··· Records to use

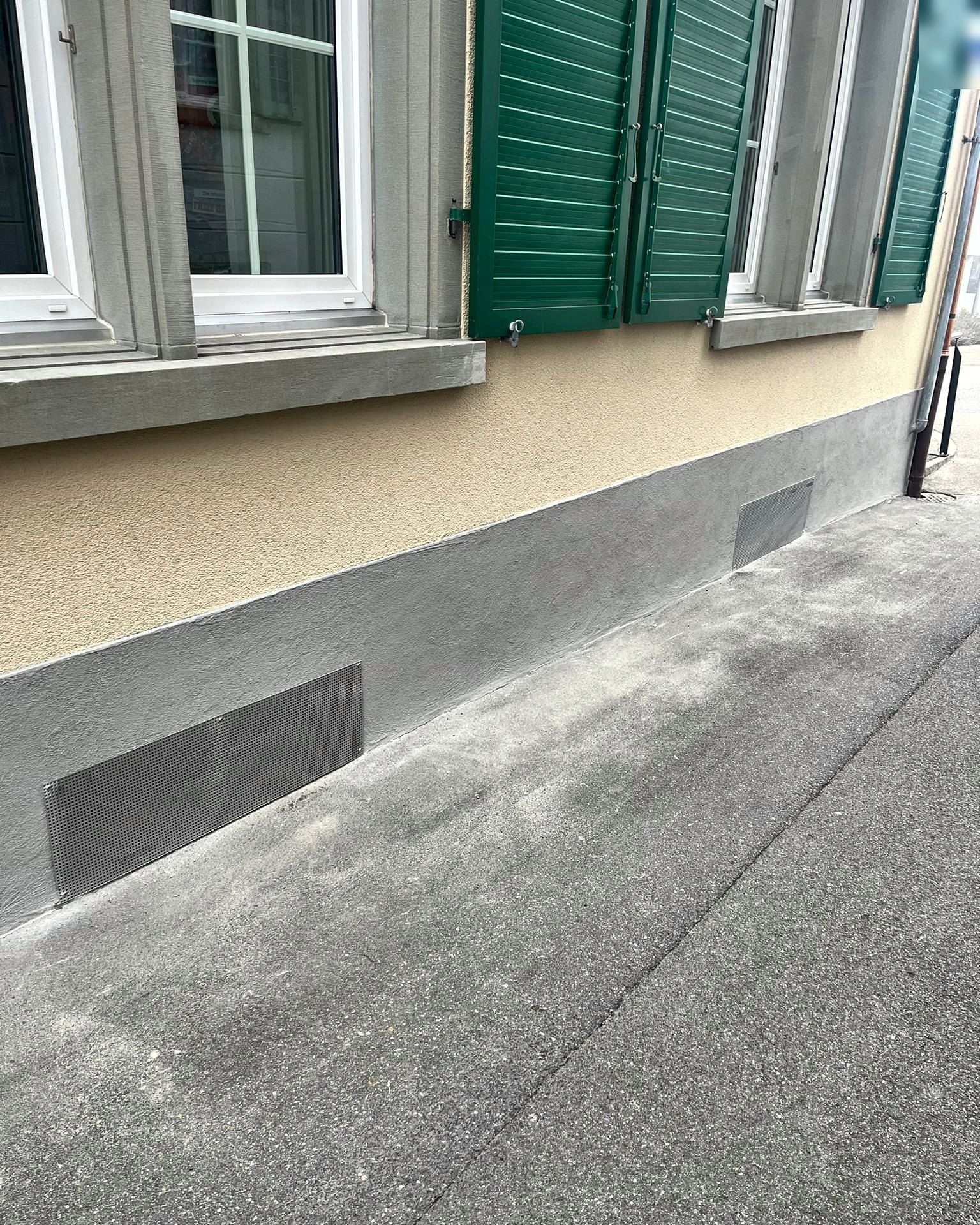 Neu verputzter Sockel mit Lüftungsgittern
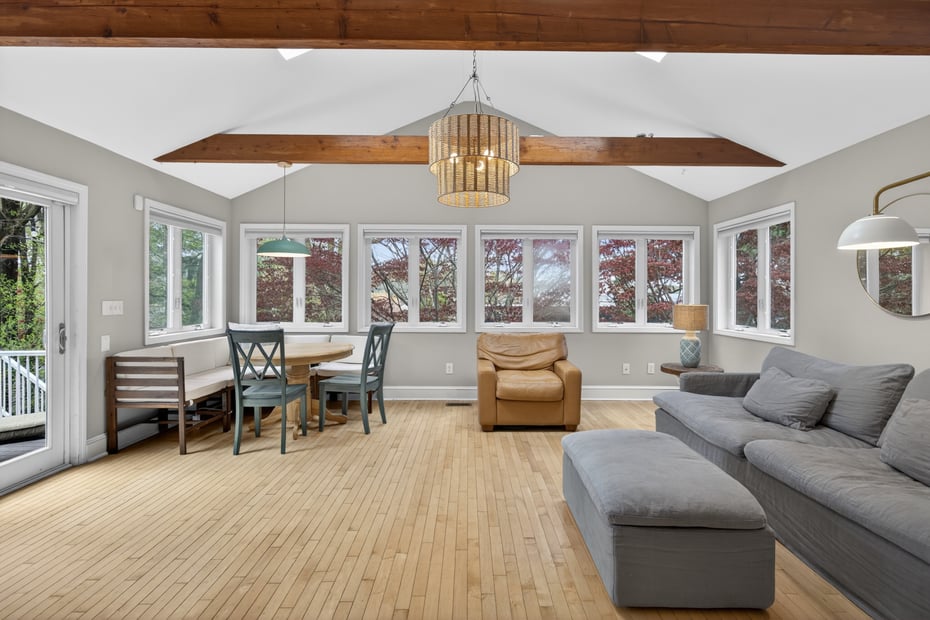 203 Burroughs Road Photo 6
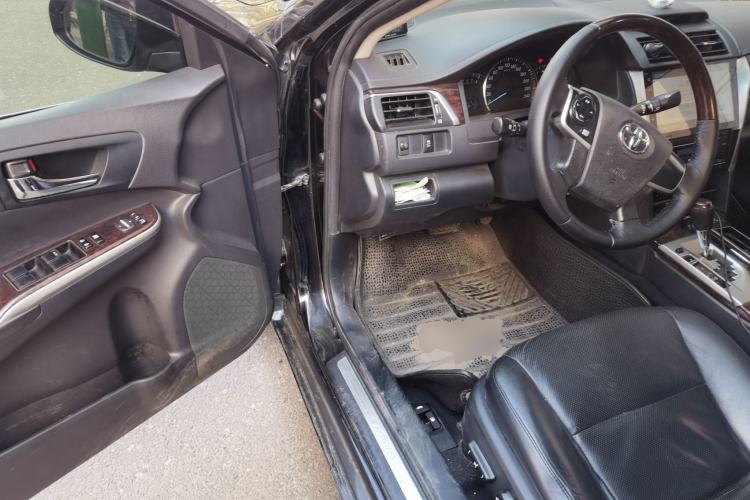 Used Toyota Camry 2015 2.0G Premier Edition Driver Seat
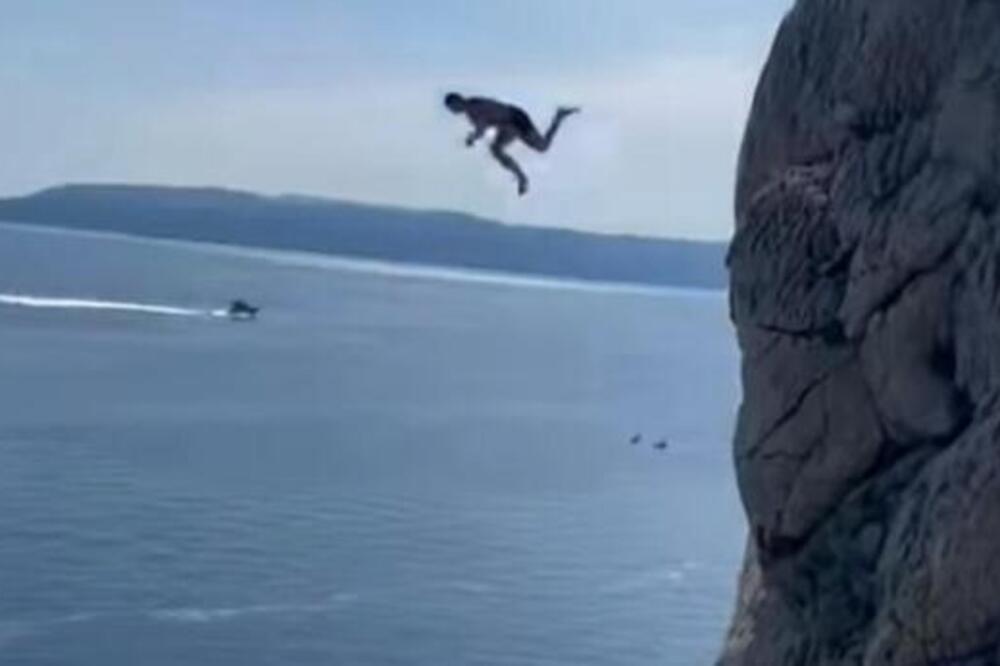 OVO DEFINITIVNO NIJE ZA SVAKOGA: Dva Splićanina skočila sa 27 METARA VISINE, snimkom RASPAMETILI NACIJU (VIDEO)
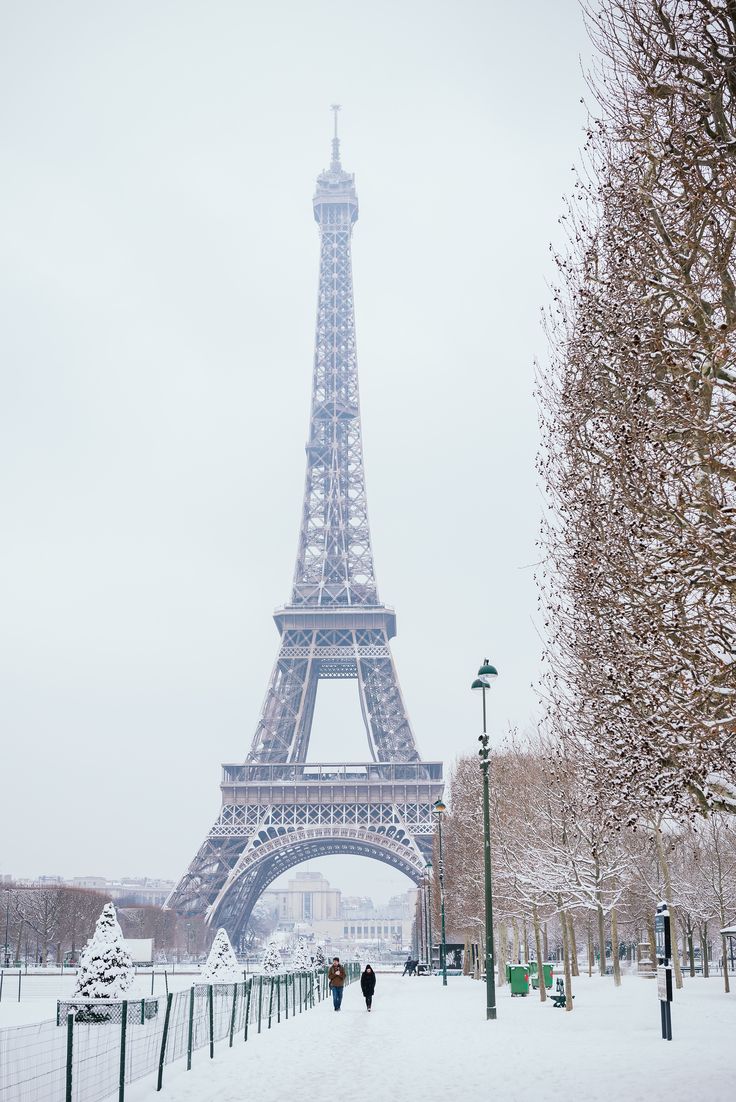Snow white blanket in Paris at the Eiffel Tower. #theparisphotographer # paris #parisphotographer #winter #snow #winterinp. Paris picture, Paris wallpaper, Paris
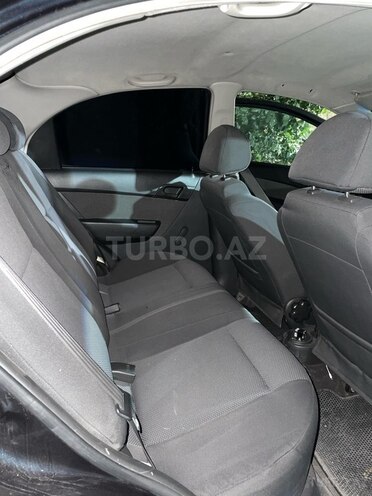 Chevrolet Aveo-8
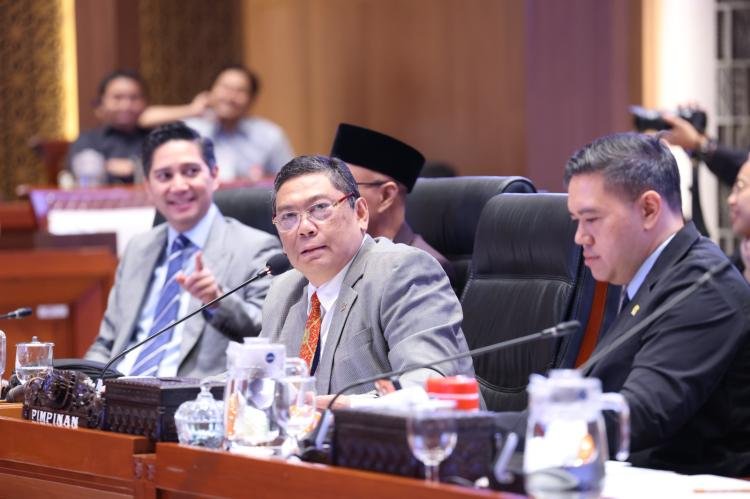 Komisi I DPR Setujui Lelang Eks KRI Ki Haji Dewantara-364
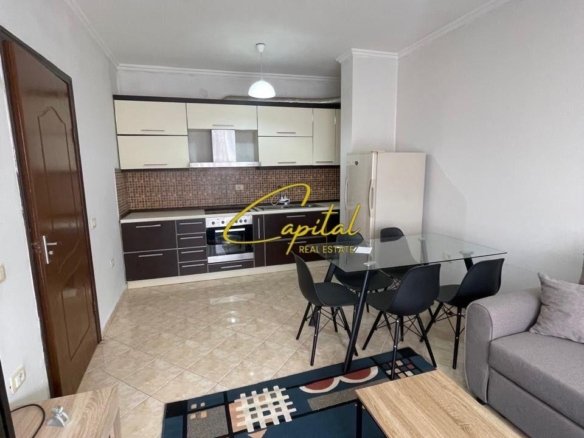 APARTAMENT ME QIRA 1+1 YZBERISHT 40.000 LEKE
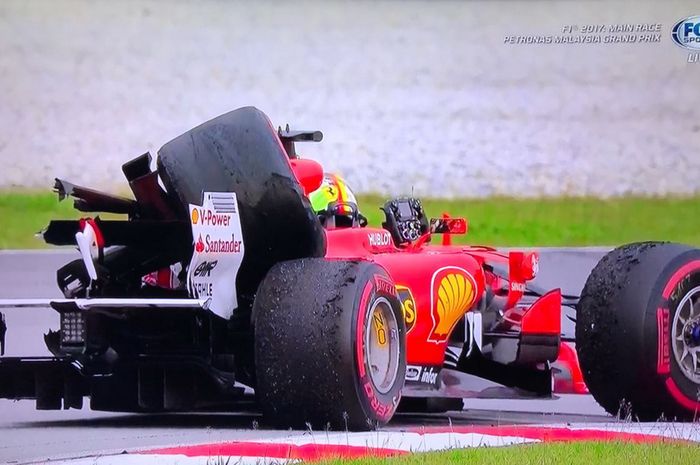 Bagian belakang mobil Ferrari andalan Sebastian Vettel hancur setelah balapan di F1 Malaysia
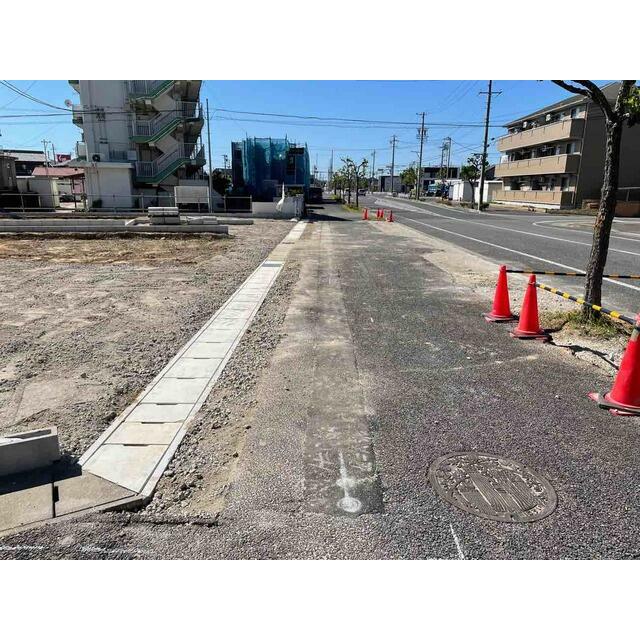 1・2・3号棟側　前面道路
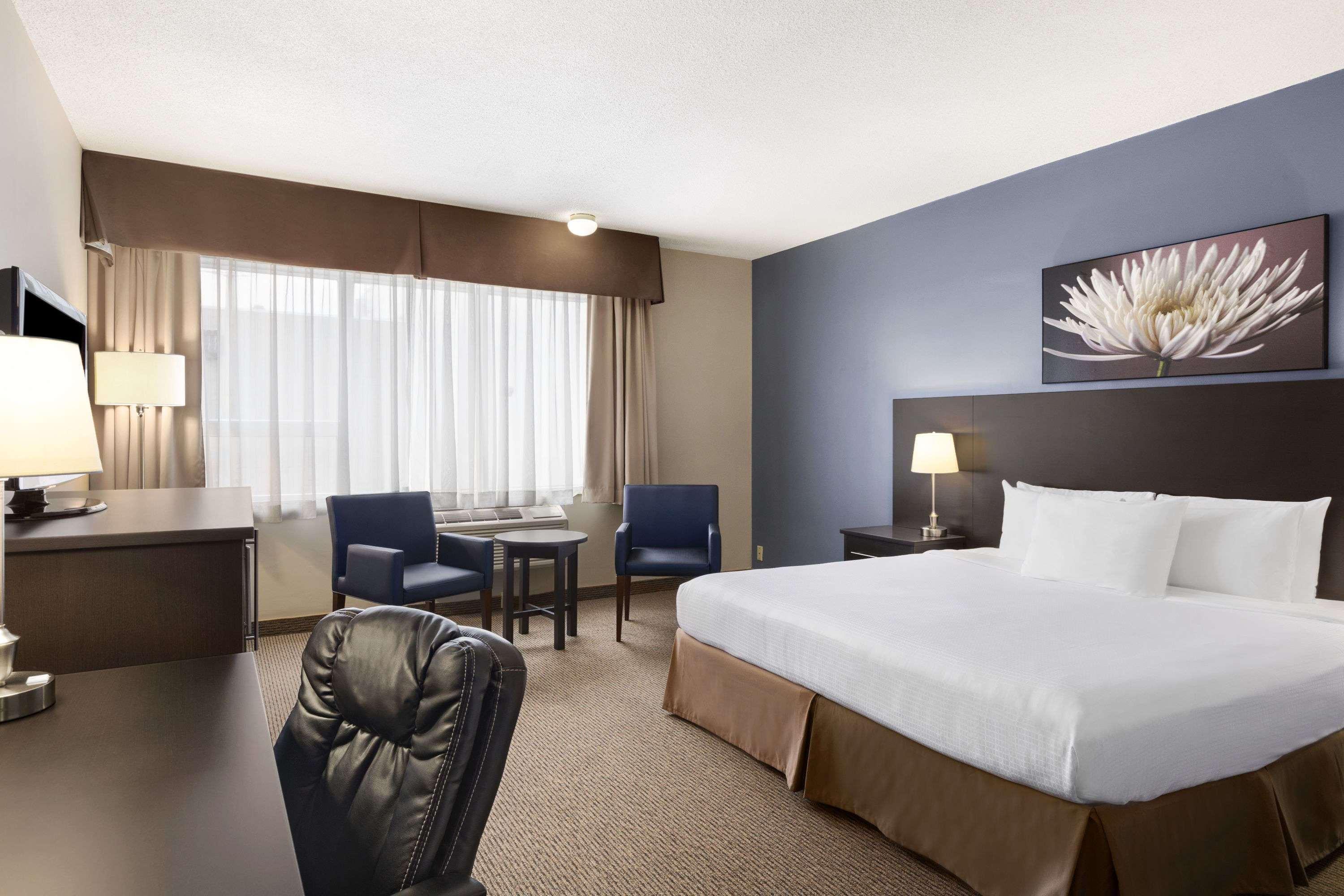 Days By Wyndham Montreal Airport Conference Centre Hotel 3*
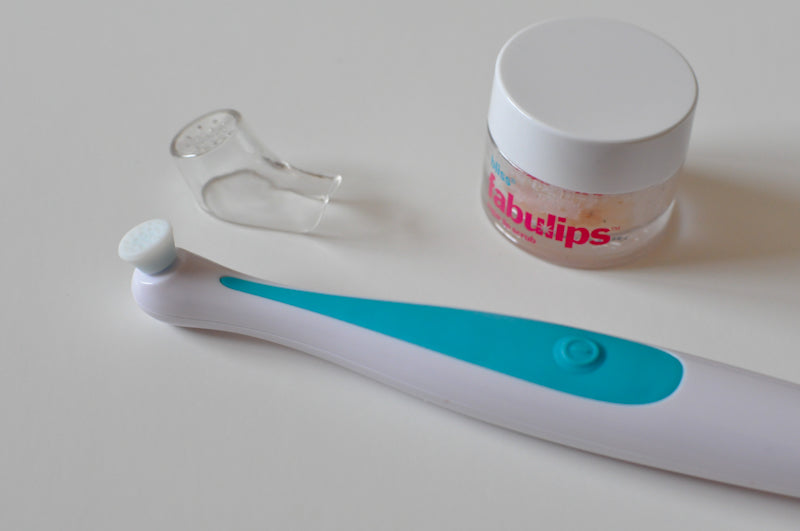 Review: Bliss Fabulips Pout-o-Matic Spa-Powered Lip-Perfecting System - How To Exfoliate Dry, Flaky Lips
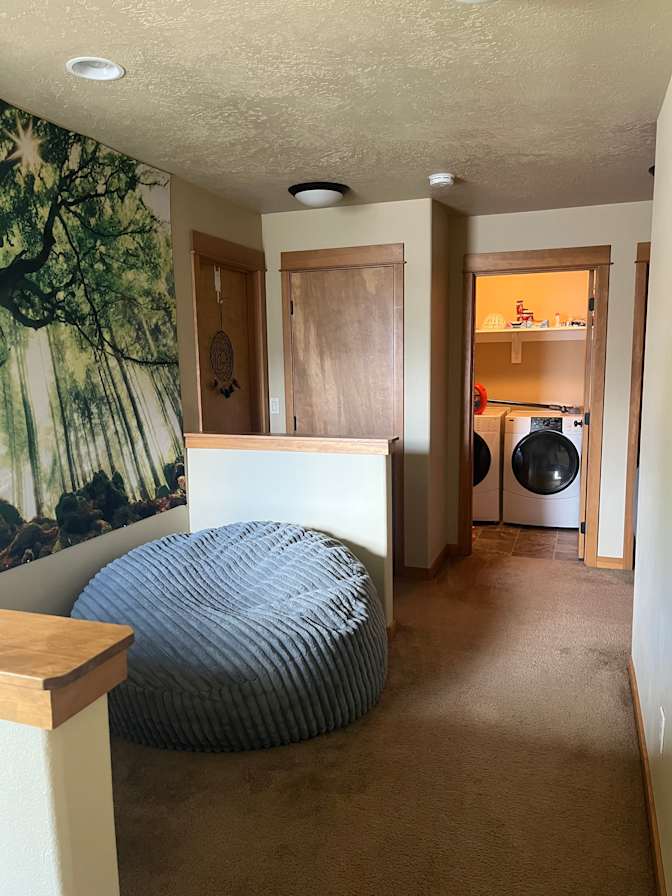Jenny's room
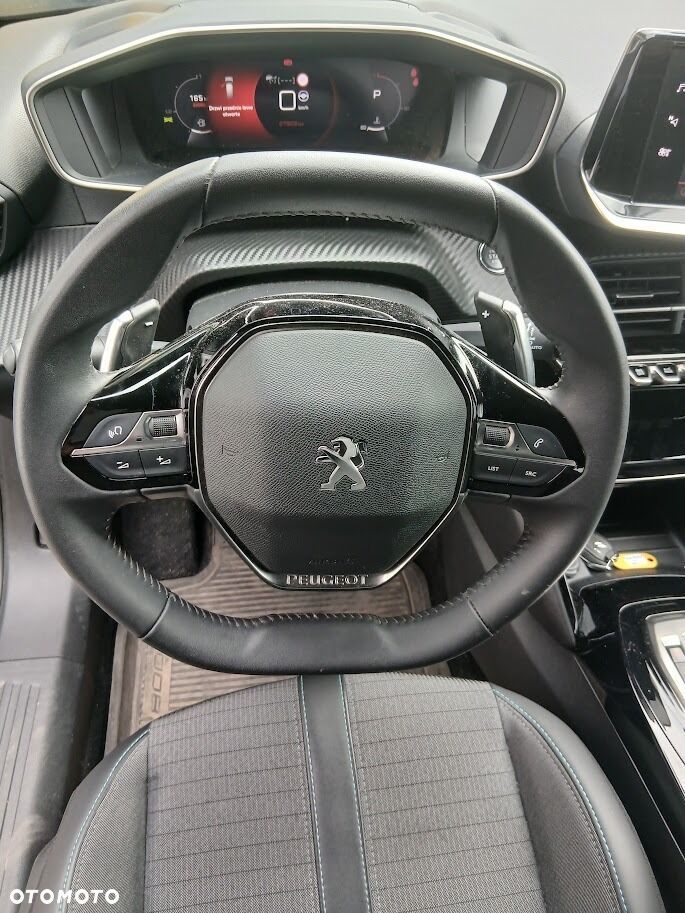 Peugeot 2008 - 11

······

Starting with the line above that holds "Chevrolet Aveo-8", restate each line word for word up to and including the line that holds "1・2・3号棟側　前面道路". Drop the pictures.

*Answer for the task*.
 Chevrolet Aveo-8
 Komisi I DPR Setujui Lelang Eks KRI Ki Haji Dewantara-364
 APARTAMENT ME QIRA 1+1 YZBERISHT 40.000 LEKE
 Bagian belakang mobil Ferrari andalan Sebastian Vettel hancur setelah balapan di F1 Malaysia
 1・2・3号棟側　前面道路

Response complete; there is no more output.